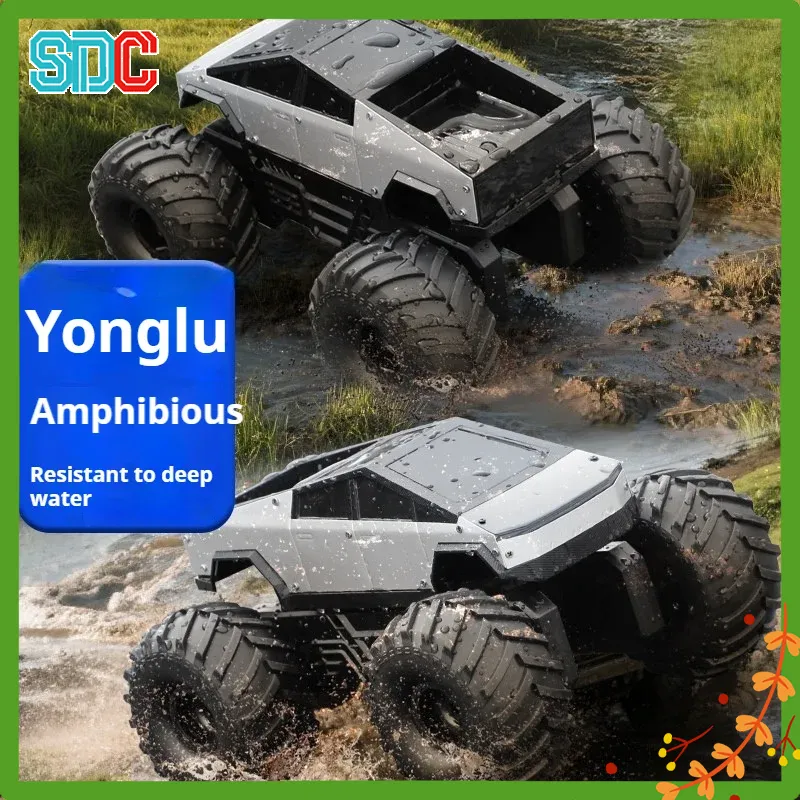 Rc Hobby Grade Cars - Auto RC Anfibia Tesla 4DRC 4WD
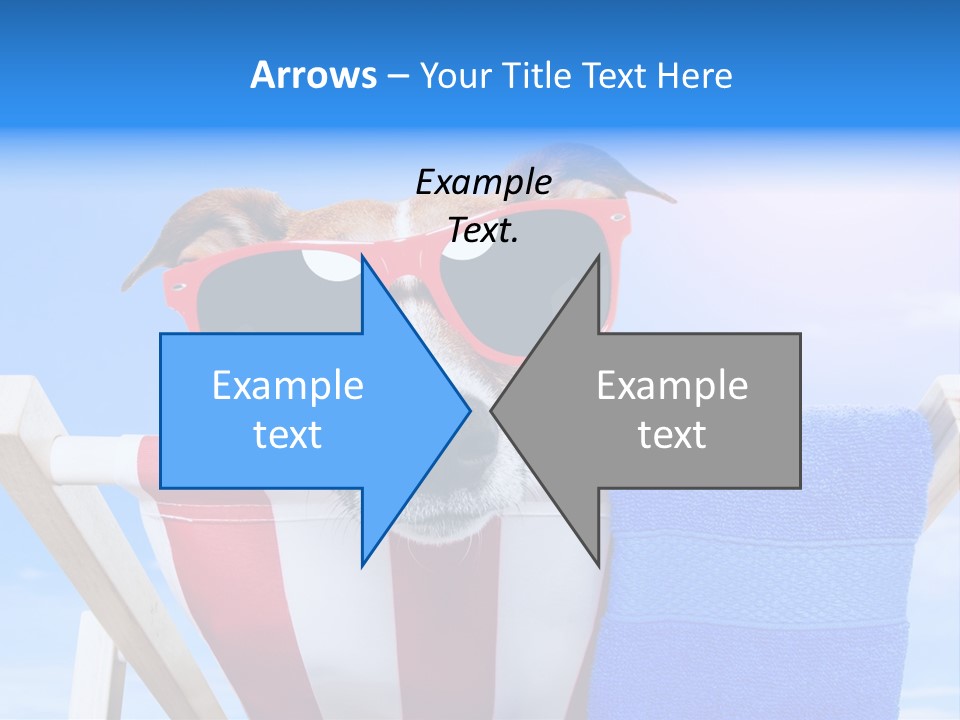 Colorful Puppy Lazy PowerPoint Template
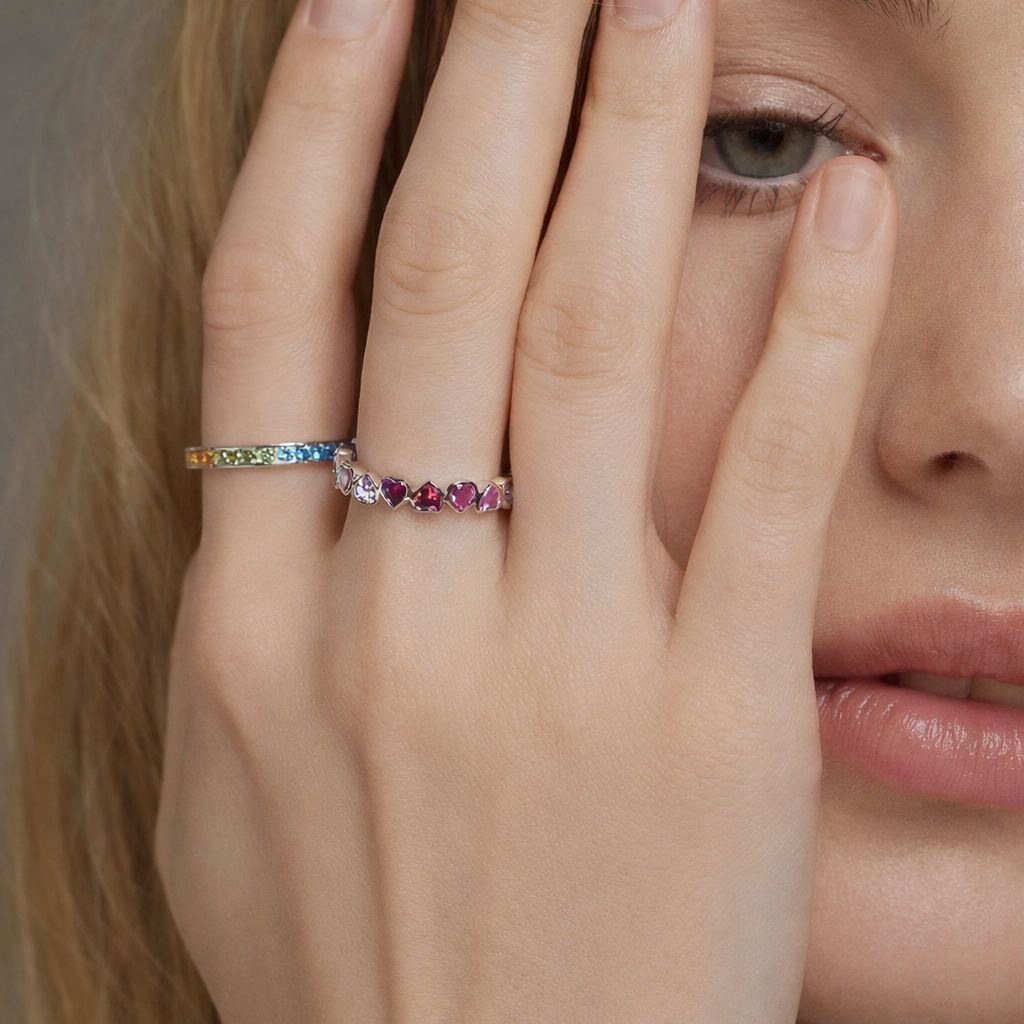 Virginia 925 Sterling Silver Heart Ring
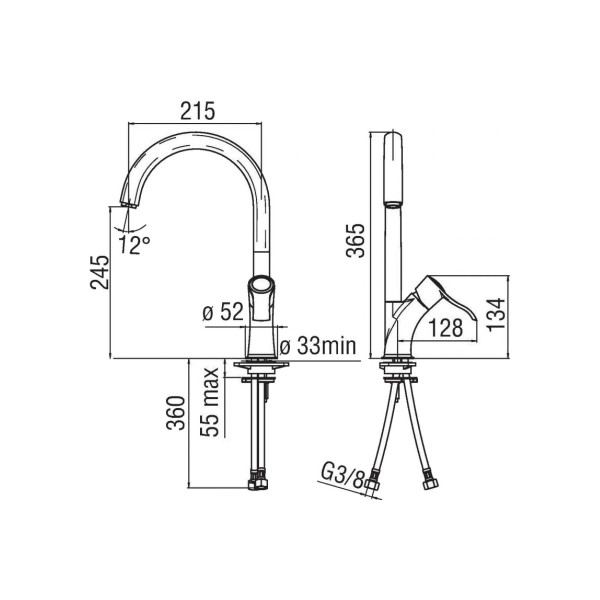 Смеситель для кухни Nobili Sofi хром (SI98113CR) Смеситель для кухни Nobili Sofi хром (SI98113CR)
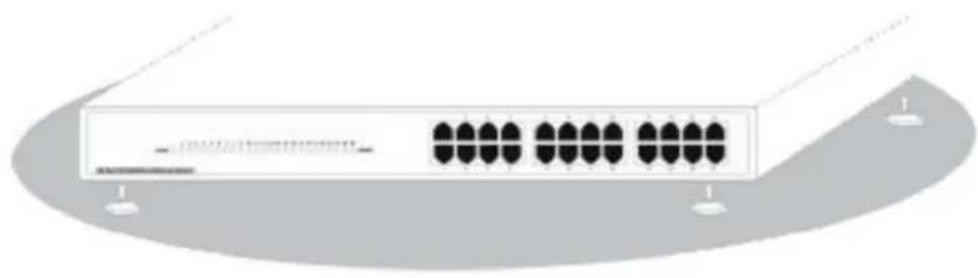 LEVELONE GEP1070 - Installazione su piano di lavoro - 1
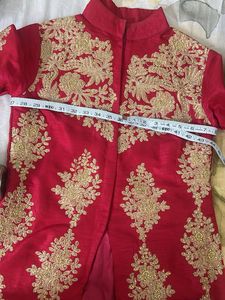 Elegant Pink Kurta Set with Gold Embroidery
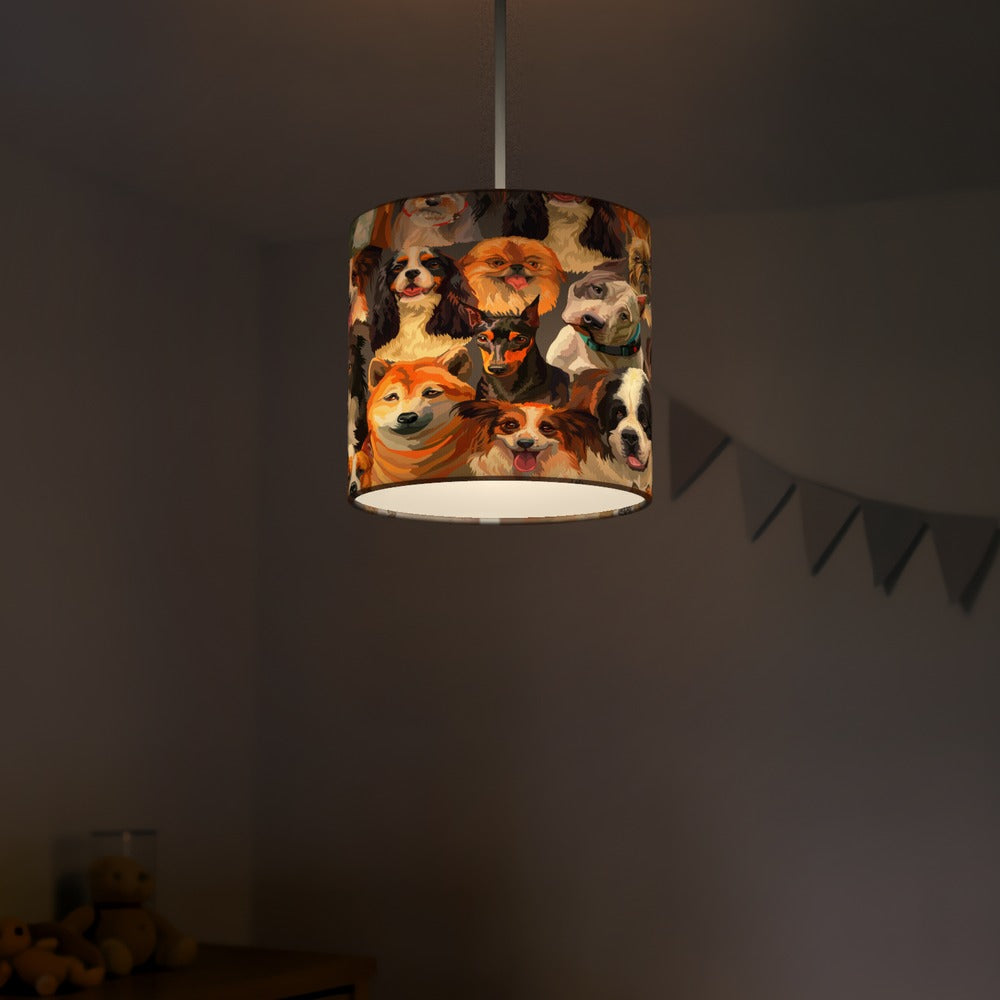 Adorable Dog Portraits lampshade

·····

## Task item
Lines from the one that holds "Virginia 925 Sterling Silver Heart Ring" through the final line of the material are to be duplicated exactly; no pictures belong in the copy.

## Solution to the exercise
 Virginia 925 Sterling Silver Heart Ring
 Смеситель для кухни Nobili Sofi хром (SI98113CR) Смеситель для кухни Nobili Sofi хром (SI98113CR)
 LEVELONE GEP1070 - Installazione su piano di lavoro - 1
 Elegant Pink Kurta Set with Gold Embroidery
 Adorable Dog Portraits lampshade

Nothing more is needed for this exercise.